WHAT IS NEEDED :: Pictures must not appear in the copy. Set down exactly the line with "Ascending Arrows of" and each line after it through the end of the data below.

RECORDS SHOWN ::
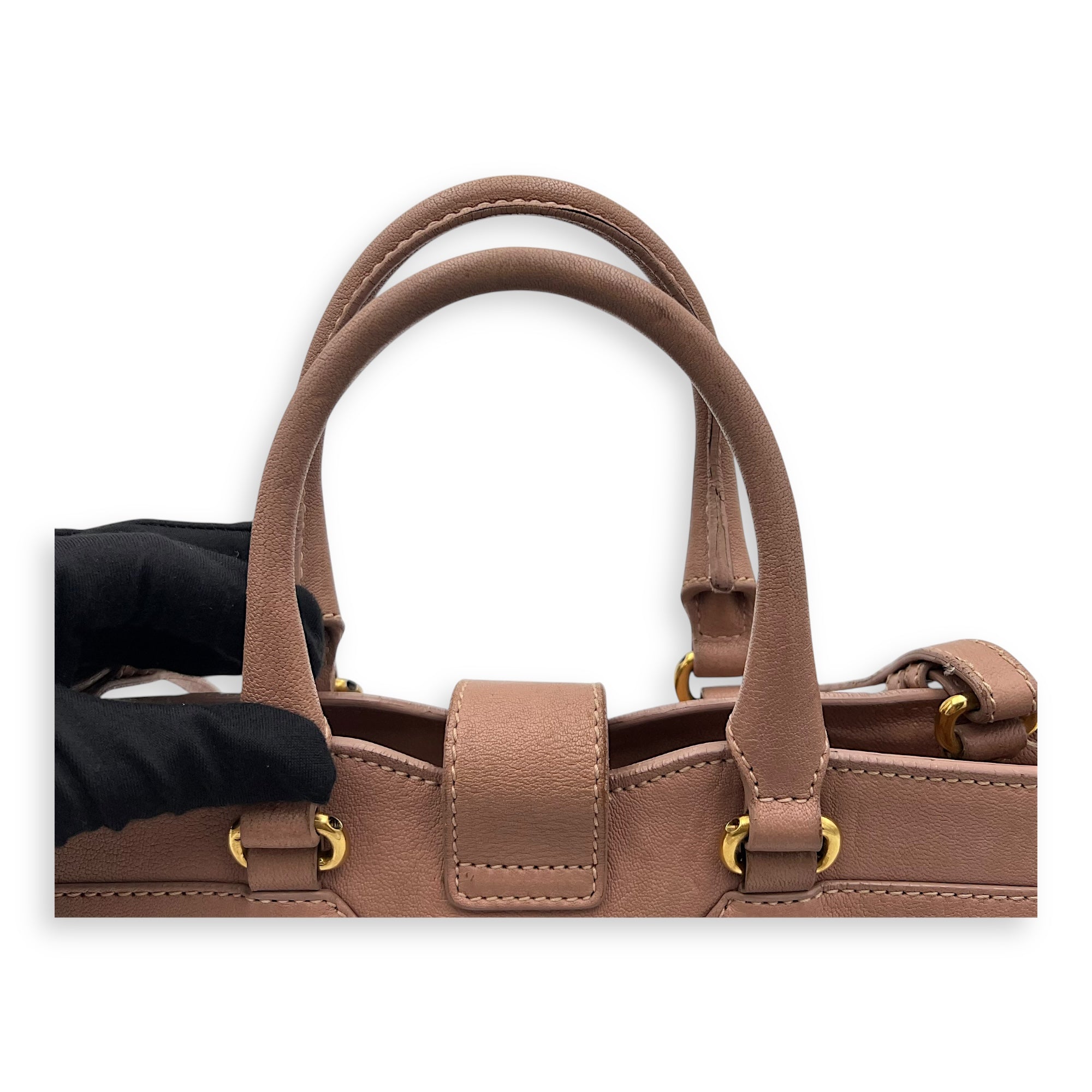 Saint Laurent Cabas Top Handle Bag Pink in Calfskin, Gold hardware_12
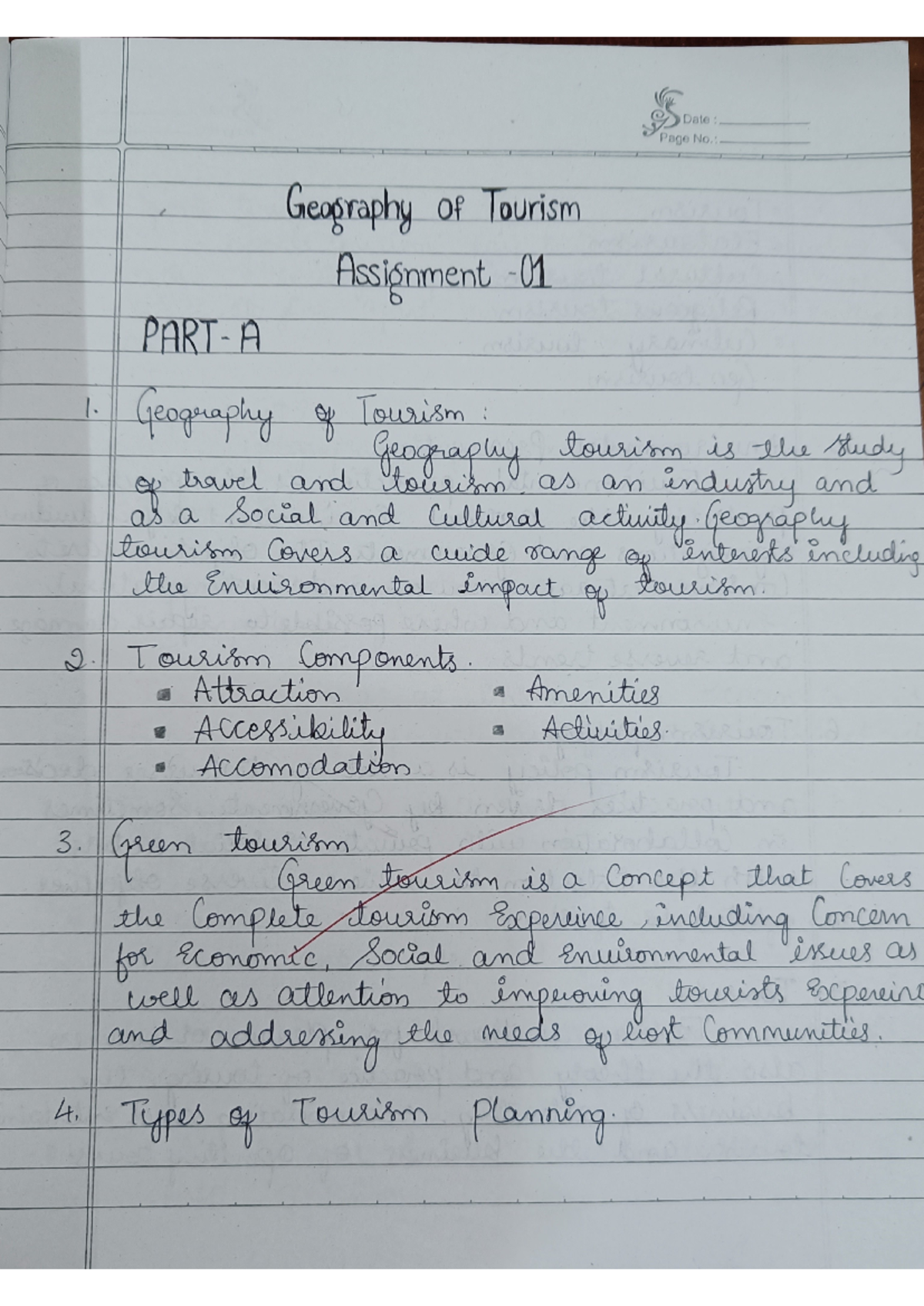 GOK.English notes - Geography of tourism - Date : Page No.: Geography ...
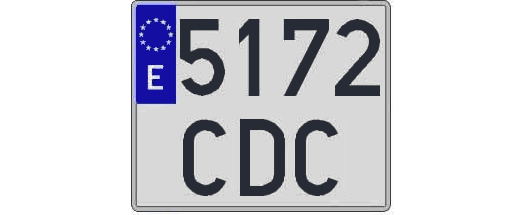 5172CDC matricula cuadrada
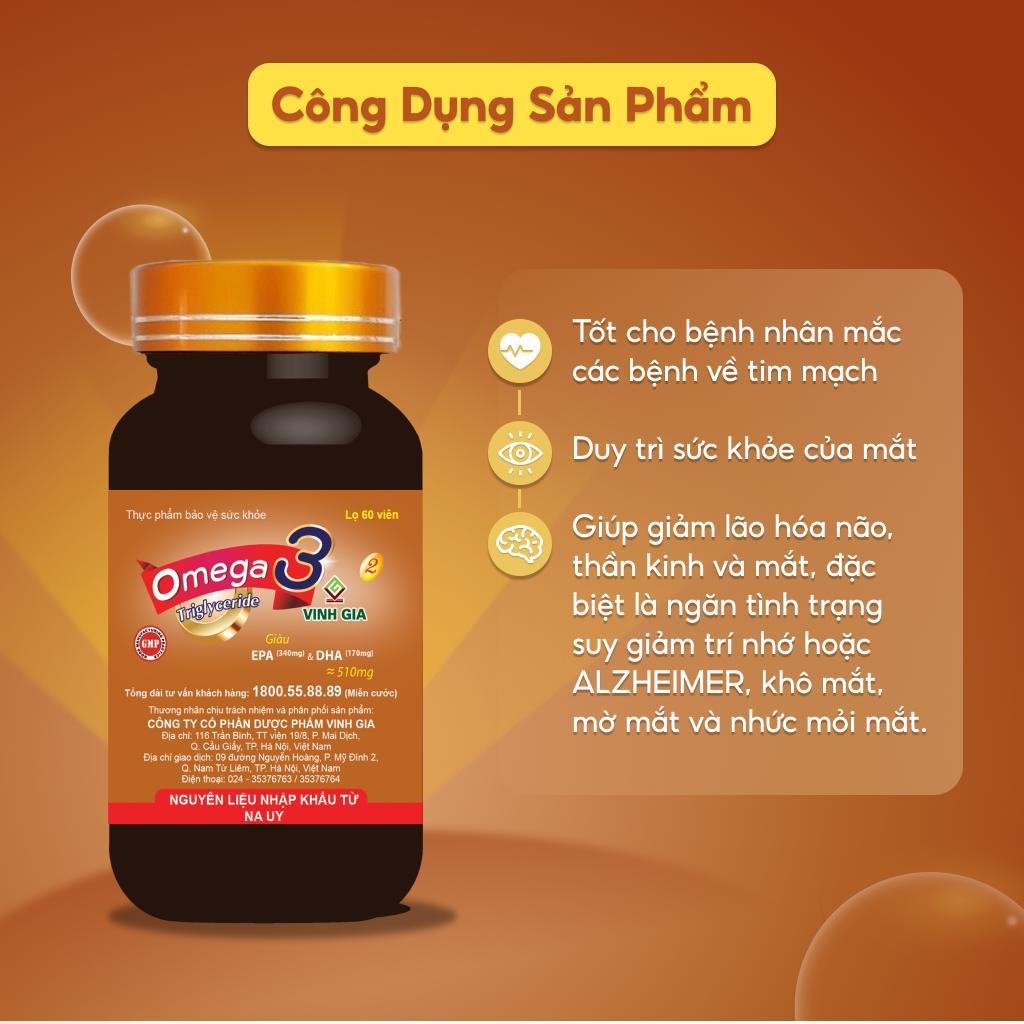 Ảnh Omega 3 Vinh Gia 2 Giàu EPA Hơn, Giúp Tăng Cường Sức Khỏe Tim Mạch Cho Người Trung-Cao Tuổi (60v/H) 3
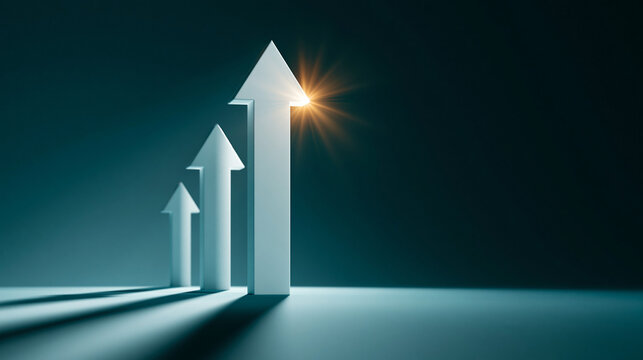 Ascending Arrows of Success: Three white arrows point upwards in a symbolic representation of growth, progress, and rising success, bathed in a dramatic spotlight with a glowing flare.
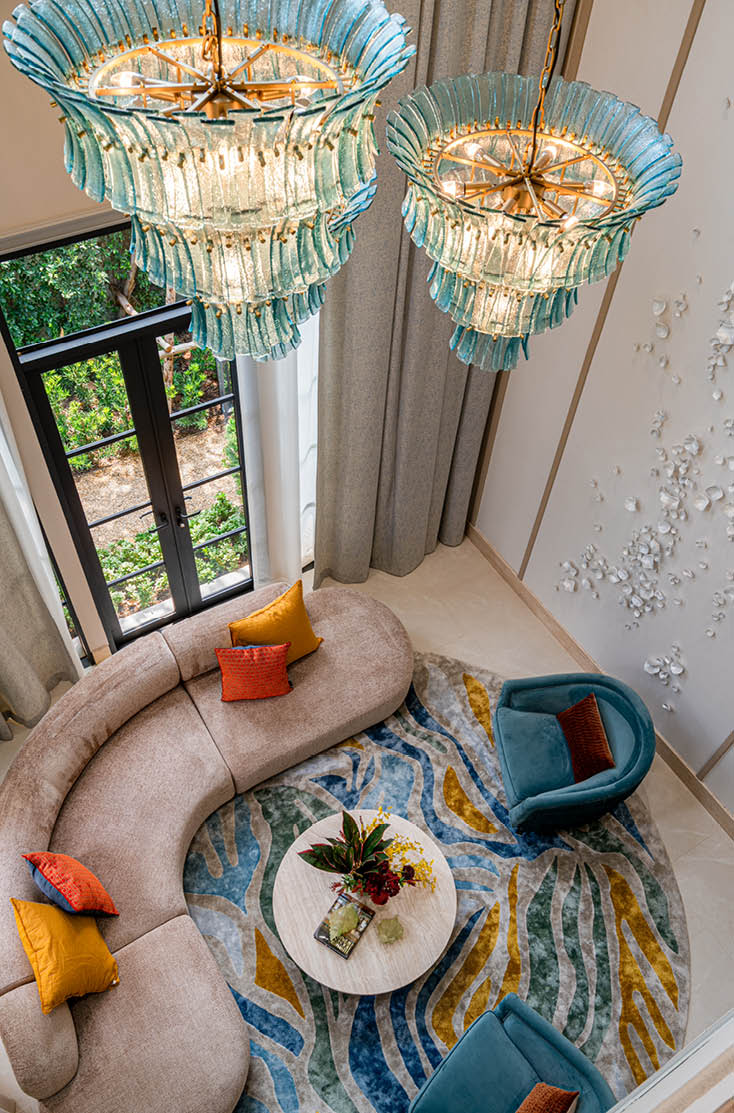 Overhead view of the colourful double-height living room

RESULT ::
 Ascending Arrows of Success: Three white arrows point upwards in a symbolic representation of growth, progress, and rising success, bathed in a dramatic spotlight with a glowing flare.
 Overhead view of the colourful double-height living room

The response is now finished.